52. Akhir Yang Sesungguhnya

5.1K 220 12
                                    






Linangan

Linangan

Linangan

Dan...

Linangan.

Kini berjatuhan, silih berganti dan saling berburu untuk jatuh terlebih dulu pada gundukan tanah dihadapannya.

Bingkai foto yang semula ia bawa seolah tak berdaya kini ia peluk dengan begitu eratnya.

Emosi, hasrat ingin berteriak sekeras-kerasnya, isakan, sesal, sesak, semua itu masih berusaha ia pendam sebisa mungkin.

Linangan itu semakin banyak hadir saat peti kayu berisikan orang yang begitu ia cintai turun secara perlahan, masuk kedalam liang lahat tepat dihadapannya.

"Renjun..." Lirihnya.

Greb

"Kau ingin menangis bukan?

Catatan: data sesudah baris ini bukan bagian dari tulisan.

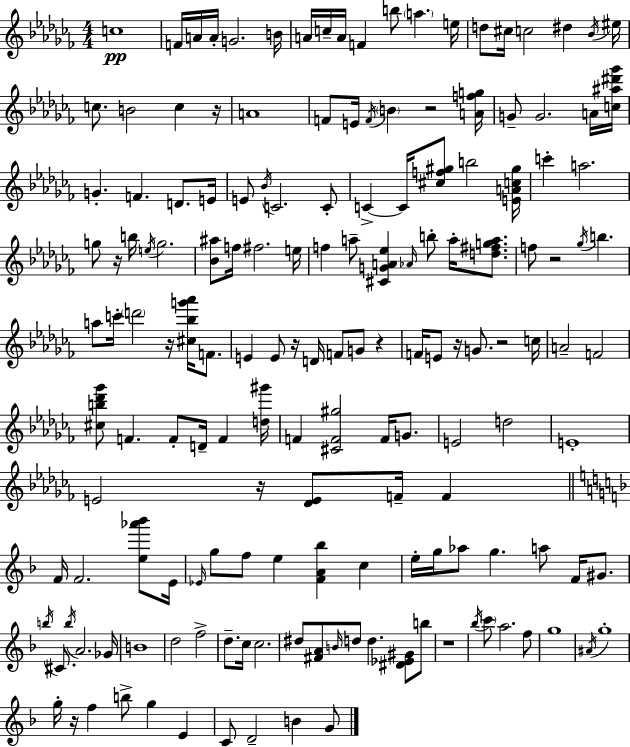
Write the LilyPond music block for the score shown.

{
  \clef treble
  \numericTimeSignature
  \time 4/4
  \key aes \minor
  c''1\pp | f'16 a'16 a'16-. g'2. b'16 | a'16 c''16-- a'16 f'4 b''8 \parenthesize a''4. e''16 | d''8 cis''16 c''2 dis''4 \acciaccatura { bes'16 } | \break eis''16 c''8. b'2 c''4 | r16 a'1 | f'8 e'16 \acciaccatura { f'16 } \parenthesize b'4 r2 | <a' f'' g''>16 g'8-- g'2. | \break a'16 <c'' ais'' dis''' ges'''>16 g'4.-. f'4. d'8. | e'16 e'8 \acciaccatura { bes'16 } c'2. | c'8-. c'4->~~ c'16 <cis'' f'' gis''>8 b''2 | <e' a' c'' gis''>16 c'''4-. a''2. | \break g''8 r16 b''16 \acciaccatura { e''16 } g''2. | <bes' ais''>8 f''16 fis''2. | e''16 f''4 a''8-- <cis' g' a' ees''>4 \grace { aes'16 } b''8-. | a''16-. <d'' fis'' g'' a''>8. f''8 r2 \acciaccatura { ges''16 } | \break b''4. a''8 c'''16-. \parenthesize d'''2 | r16 <cis'' bes'' g''' aes'''>16 f'8. e'4 e'8 r16 d'16 f'8 | g'8 r4 f'16 e'8 r16 g'8. r2 | c''16 a'2-- f'2 | \break <cis'' b'' des''' ges'''>8 f'4. f'8-. | d'16-- f'4 <d'' gis'''>16 f'4 <cis' f' gis''>2 | f'16 g'8. e'2 d''2 | e'1-. | \break e'2 r16 <des' e'>8 | f'16-- f'4 \bar "||" \break \key d \minor f'16 f'2. <e'' aes''' bes'''>8 e'16 | \grace { ees'16 } g''8 f''8 e''4 <f' a' bes''>4 c''4 | e''16-. g''16 aes''8 g''4. a''8 f'16 gis'8. | \acciaccatura { b''16 } cis'8. \acciaccatura { b''16 } a'2. | \break ges'16 b'1 | d''2 f''2-> | d''8.-- c''16 c''2. | dis''8 <fis' a'>8 \grace { b'16 } d''8 d''4. | \break <dis' ees' gis'>8 b''8 r1 | \acciaccatura { bes''16 } \parenthesize c'''8 a''2. | f''8 g''1 | \acciaccatura { ais'16 } g''1-. | \break g''16-. r16 f''4 b''8-> g''4 | e'4 c'8 d'2-- | b'4 g'8 \bar "|."
}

Menangis lah Guan, ibaratkan jika semua ini hanyalah mimpi belaka" Ujar Mingyu sembari memeluk tubuh lemas salah seorang sahabat karibnya itu.

Dengan pelukan serta kata-kata itu, kini isakan demi isakan yang terdengar menyayat hati kini mulai terdengar ditengah upacara pemakaman tersebut.

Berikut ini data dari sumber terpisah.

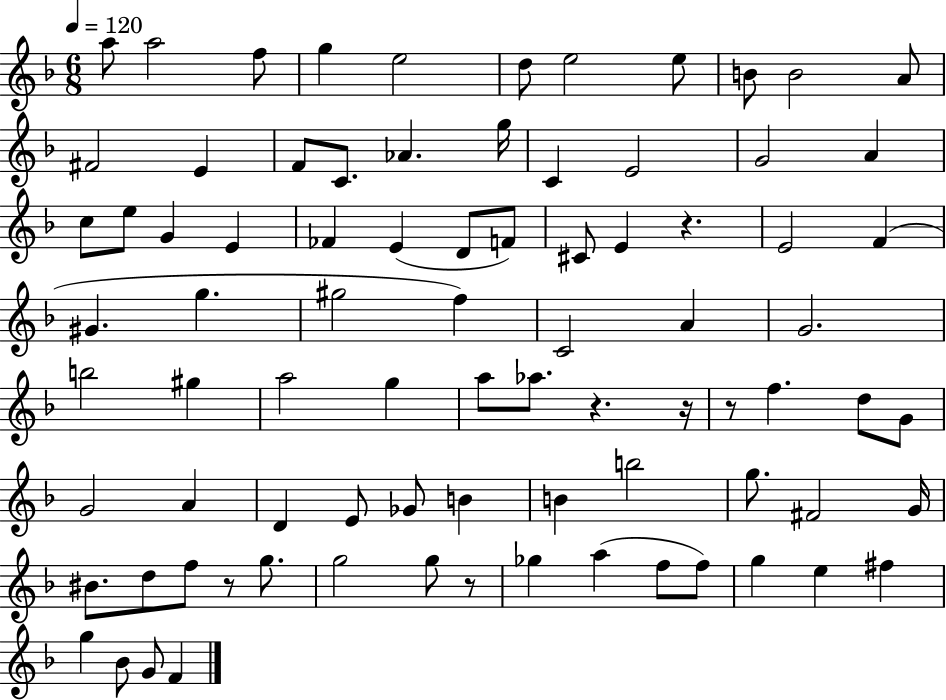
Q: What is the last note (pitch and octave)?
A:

"Aku menyesal... Aku ingin dia kembali" Racau Guanlin.

"Lepaskan, dia tak akan pernah kembali lagi" Ucap Jun sembarienepuk bahu rekannya itu.

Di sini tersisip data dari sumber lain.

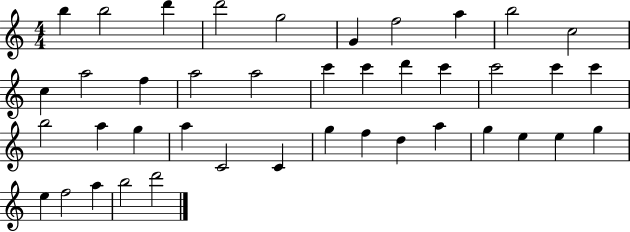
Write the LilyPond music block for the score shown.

"Aku telah mengatakannya padamu berkali-kali tapi kau tak ingin mendengar" Ujar Mingyu sembari tatapannya terus terarah pada peti mati yang kini telah berada ibawah sana.

"Sudahlah bung jangan terus seperti ini, dia telah pergi... Lepaskan" Ujar Junhui.

"Ikhlaskan dia, relakan Guan... Relakan" Ujar Hyunsuk mencoba sedikit menenangkan sahabatnya itu.

"Aku tak bisa hiks... Aku tidak rela Hyun... Aku tidak bisa"

"Dia sudah tenang Lai, dia sudah tidak merasakan sakit lagi" Timpal Jun.

"Tidak Jun... Dia masih hidup!"

Dari arah belakang sana kini Joshua datang menghampiri, menepuk salah satu bahu dari beberapa kawannya kemudian memberi isyarat dengan anggukan.

Langit kini telah mendung dan semakin menghitam, yang pasti akan segera menumpahkan tangisnya sebentar lagi.

"Ikhlaskan dia Lai, jangan terbelenggu dalam kegelapan tanpa arah" Ujar San kemudian pergi bersama yang lainnya.

Orang-orang kini telah pulang, meninggalkan dirinya sendiri dihadapan segunduk tanah yang masih basah dengan pelengkap pemanis bunga-bunga segar yang bertebaran tepat pada permukaannya.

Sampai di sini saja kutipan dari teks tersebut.